For the reasons articulated above we conclude that the general damage award of the trial court, other than for residual disability, represents a clear abuse of the much discretion allowed the trial court by LSA-C.C. Article 1934(3).

In reducing this portion of the award we are mindful that such reduction is permissible only to the highest amount which could have reasonably been awarded by the trial court under an interpretation of the evidence most favorable to plaintiff. Viewing the evidence in this light; considering the particular effect on plaintiff of the particular injuries suffered; and, deriving such aid as is possible from the awards *1061made in similar cases,1 we conclude that the evidence supports a general damage award (other than for residuals) in the $15,000.00 to $30,000.00 range. Accordingly, we will reduce the award for all items of damage suffered by plaintiff, other than for residual disability, to the sum of $30,000.00.

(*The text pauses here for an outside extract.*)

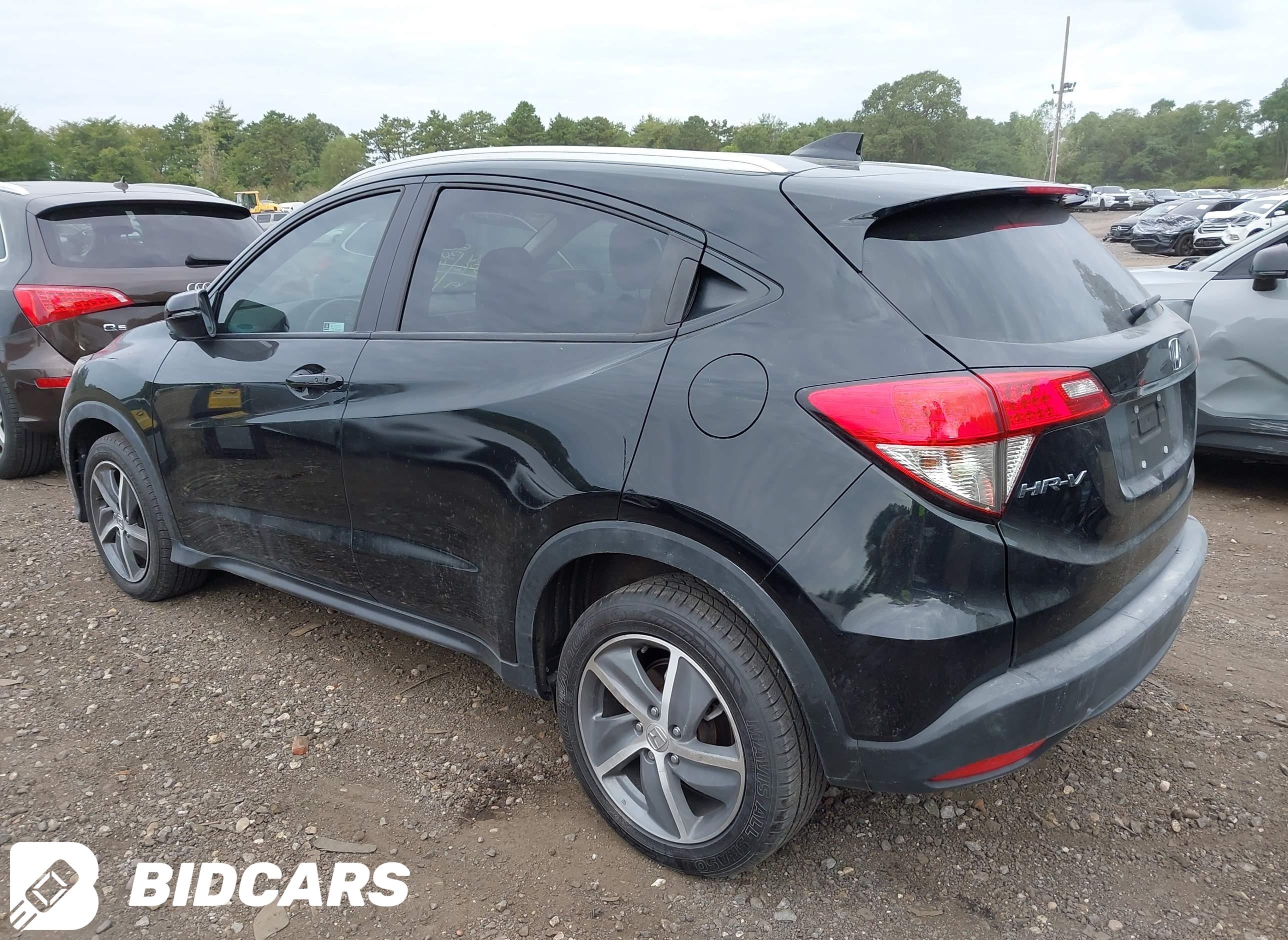 2022 Honda HR-V, Awd Ex-L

For the above and foregoing reasons the judgment of the trial court is amended so as to reduce the general damage award to Cynthia Ann Thomisee from the sum of $86,500.00 to the sum of $66,500.00. In all other respects, the judgment of the trial court is affirmed. Costs of this appeal are to be borne by plaintiff-appellee.

AMENDED AND AFFIRMED.

. Bodie v. Government Employees Insurance Company et al., 349 So.2d 1327 (La.App. 1st Cir. 1977), writ refused; Campo v. George, 347 So.2d 324 (La.App. 4th Cir. 1977); Gallin v. Travelers Insurance Company, 323 So.2d 908 (La.App. 4th Cir. 1976) writ refused; Pickens v. State, Through Dept. of Highways, 346 So.2d 1325 (La.App. 3rd Cir. 1977); Geiger v. Hallmark, 355 So.2d 1031 (La.App. 4th Cir. 1978); Perigoni v. McNiece, 262 So.2d 407 (La.App. 4th Cir. 1972); Collier v. Maryland Casualty Company, 190 So.2d 481 (La.App. 1st Cir. 1966); and, Roberts v. The City of Baton Rouge, 238 So.2d 203 (La.App. 1st Cir. 1970).